> _Task_
Beginning at the top of the data below, restate every line word for word until the line containing "Auxilios económicos podrían" has been included, and omit the pictures.
Data for this task: Begin
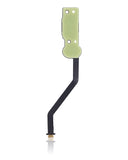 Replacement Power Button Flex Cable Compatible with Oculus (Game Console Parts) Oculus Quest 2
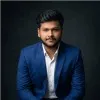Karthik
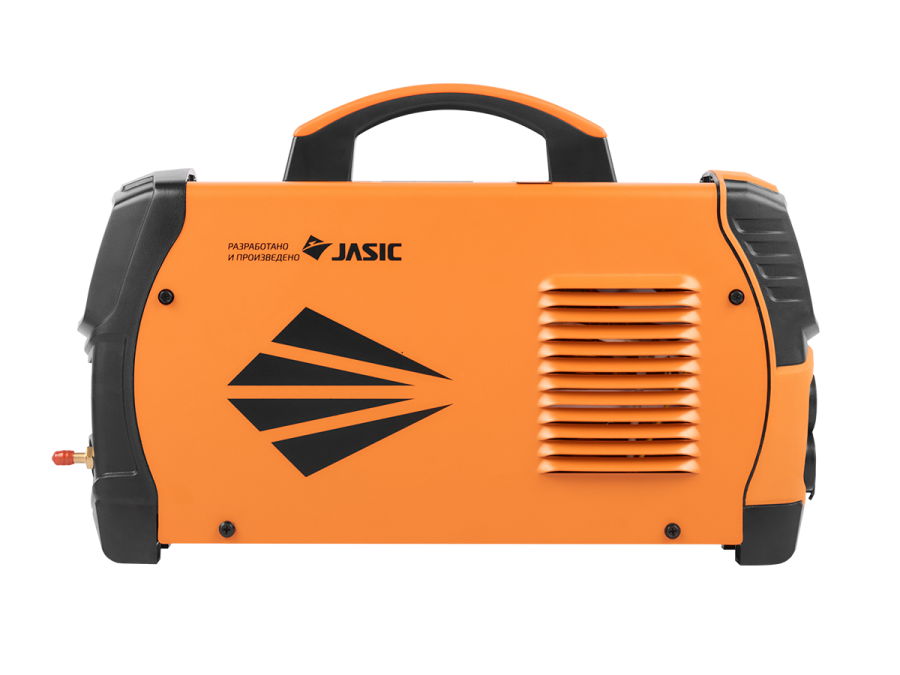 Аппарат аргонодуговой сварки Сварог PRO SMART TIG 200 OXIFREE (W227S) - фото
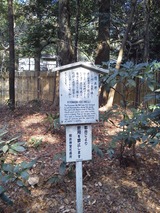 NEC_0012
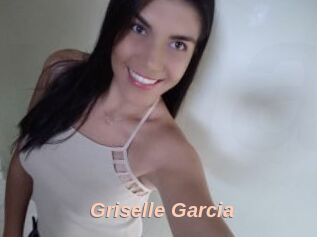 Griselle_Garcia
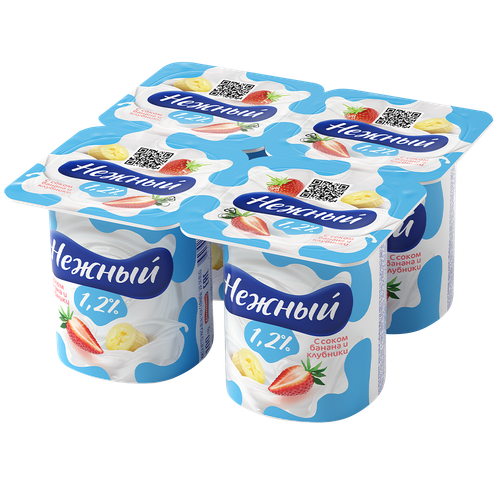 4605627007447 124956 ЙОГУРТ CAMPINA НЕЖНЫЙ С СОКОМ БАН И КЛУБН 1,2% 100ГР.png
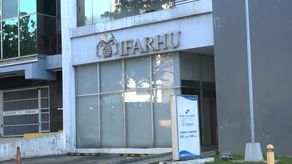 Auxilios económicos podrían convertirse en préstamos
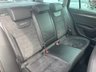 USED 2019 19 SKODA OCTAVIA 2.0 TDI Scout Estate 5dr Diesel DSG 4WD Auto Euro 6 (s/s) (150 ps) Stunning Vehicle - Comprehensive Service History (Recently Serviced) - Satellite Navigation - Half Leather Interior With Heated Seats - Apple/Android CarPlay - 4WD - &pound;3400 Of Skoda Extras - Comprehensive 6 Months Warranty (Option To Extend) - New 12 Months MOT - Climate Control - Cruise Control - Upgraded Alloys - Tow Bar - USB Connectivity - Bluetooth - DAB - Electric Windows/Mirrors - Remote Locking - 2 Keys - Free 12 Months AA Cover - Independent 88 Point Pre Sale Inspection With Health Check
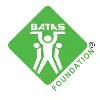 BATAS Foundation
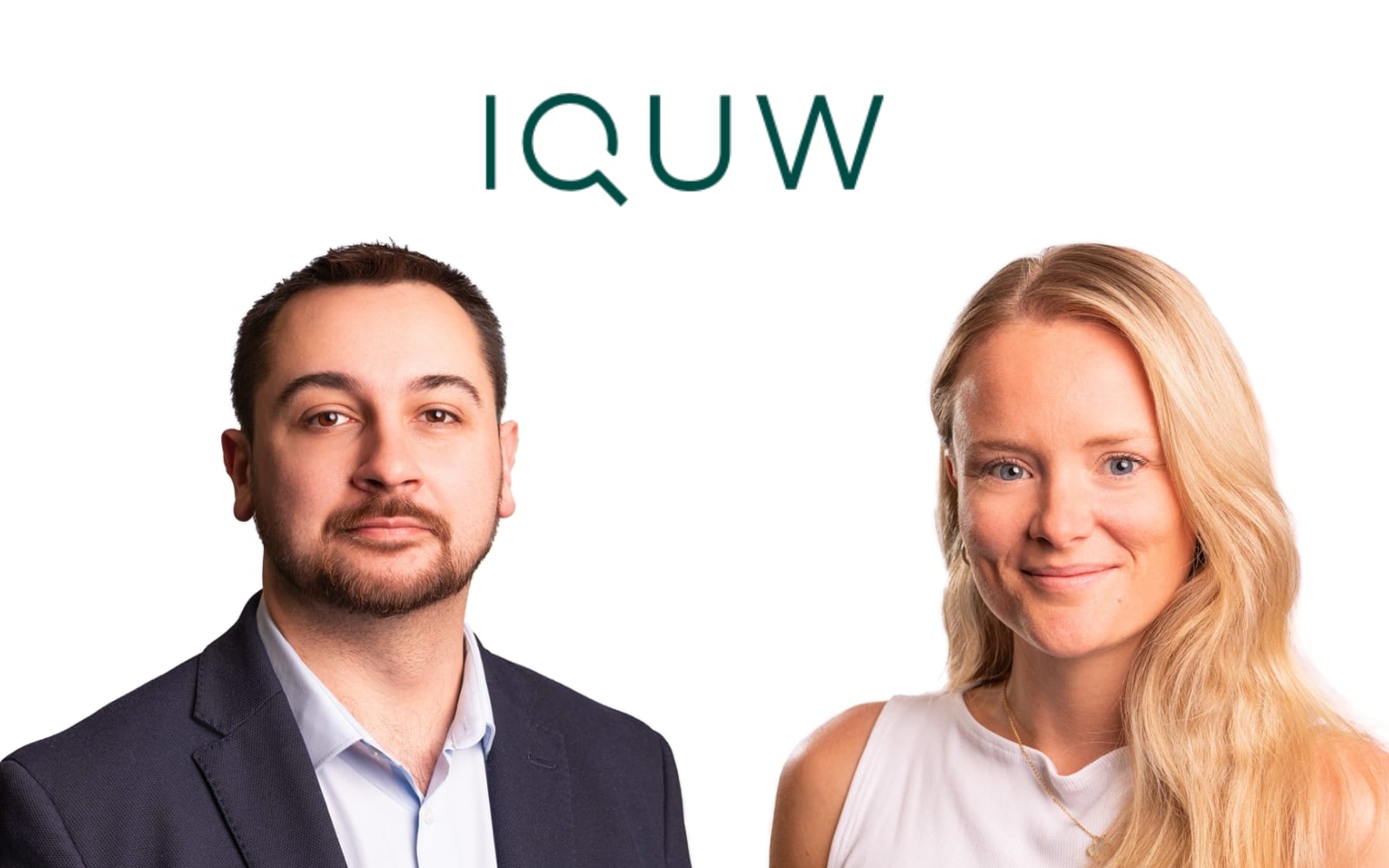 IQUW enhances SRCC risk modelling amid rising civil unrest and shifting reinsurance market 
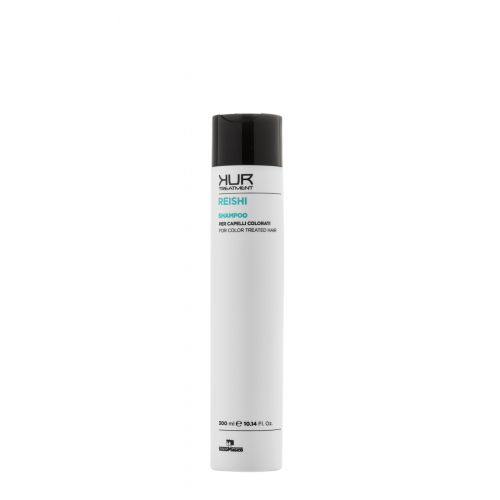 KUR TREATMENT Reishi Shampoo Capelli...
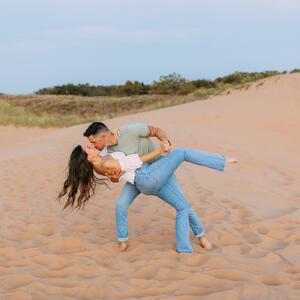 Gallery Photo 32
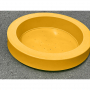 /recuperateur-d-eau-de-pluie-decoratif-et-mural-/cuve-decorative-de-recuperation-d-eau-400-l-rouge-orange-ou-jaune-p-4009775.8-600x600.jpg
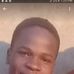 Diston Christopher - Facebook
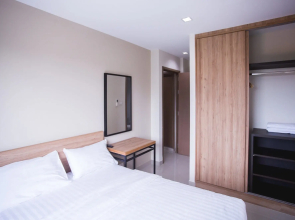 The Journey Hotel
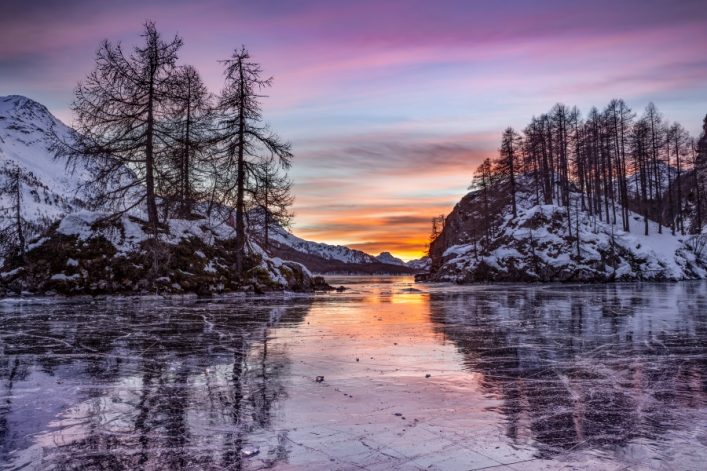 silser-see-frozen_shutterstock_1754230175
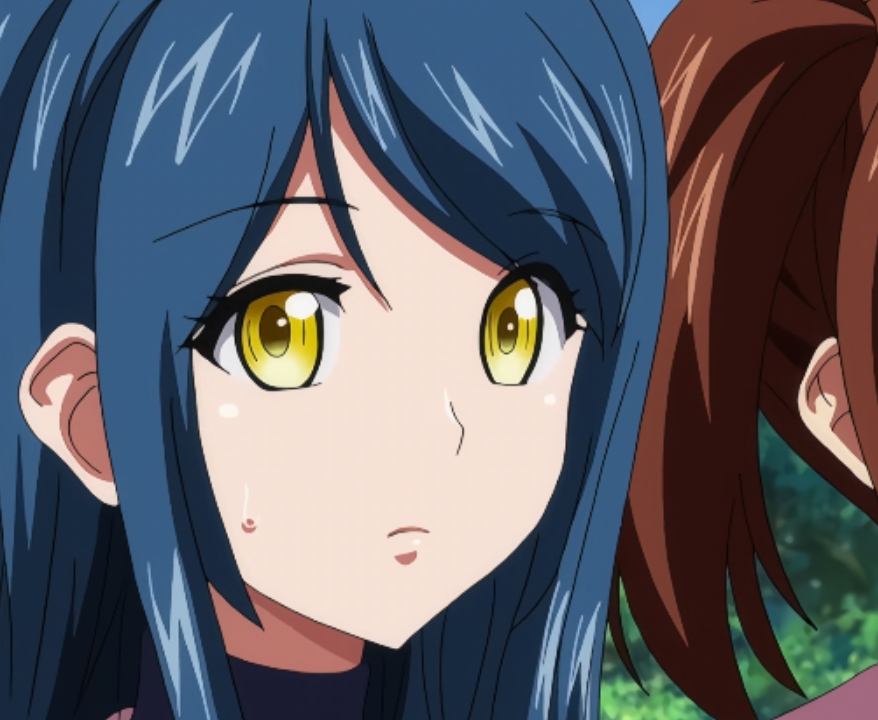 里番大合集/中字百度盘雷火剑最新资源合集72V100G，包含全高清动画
Data for this task: End
> _Answer section_
 Replacement Power Button Flex Cable Compatible with Oculus (Game Console Parts) Oculus Quest 2
Karthik
 Аппарат аргонодуговой сварки Сварог PRO SMART TIG 200 OXIFREE (W227S) - фото
 NEC_0012
 Griselle_Garcia
 4605627007447 124956 ЙОГУРТ CAMPINA НЕЖНЫЙ С СОКОМ БАН И КЛУБН 1,2% 100ГР.png
 Auxilios económicos podrían convertirse en préstamos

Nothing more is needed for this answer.